Blake had recently been hired as a software tester, tasked with testing the company's product on the latest operating system, Windows 2000. After running through his battery of tests, he informed management that he hadn't encountered any issues, and the product was dubbed Windows 2000-ready. During the next several weeks, the product was smoothly deployed by customers—until an installer bug report came in.

"Did you test the desktop shortcut after installing on Windows 2000?" Blake's manager, Sammy, asked from the threshold of Blake's cube.

"Yeah, I'm sure I did," Blake replied.

"A customer emailed us to say that when he chooses to add the desktop shortcut while installing, it causes a Blue Screen of Death," Sammy explained. "It happens consistently for him. The only way he can install successfully is to not choose the desktop shortcut option, which he calls 'unacceptable from an IT security standpoint.'"

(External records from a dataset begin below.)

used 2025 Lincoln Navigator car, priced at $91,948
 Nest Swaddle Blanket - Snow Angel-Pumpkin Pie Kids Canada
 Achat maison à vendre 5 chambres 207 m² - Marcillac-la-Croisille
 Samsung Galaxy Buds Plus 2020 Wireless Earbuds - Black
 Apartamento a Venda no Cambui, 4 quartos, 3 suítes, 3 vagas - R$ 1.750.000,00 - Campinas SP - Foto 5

Blake frowned in confusion. "Security?"

"I know, it's weird," Sammy said. "I want to question him further on that point. In the meantime, I'd like for you to start looking into this."

The first step was to reproduce the problem in-house. Blake was sure he would fail; he was absolutely certain that he'd already tested what was allegedly crashing. His first move was to install the product on a fresh Windows 2000 box. He checked the "Add a desktop shortcut" option, and after a few moments, the installer completed with no errors. A shortcut to run the program now sat on the desktop. Double-clicking the icon opened the program flawlessly.

From there, Blake uninstalled and reinstalled the program. Yet again, no issues. Trying a different Windows 2000 PC was fruitless. Out of desperation, he even tried installing on Windows 98. In no case did a BSOD ever occur.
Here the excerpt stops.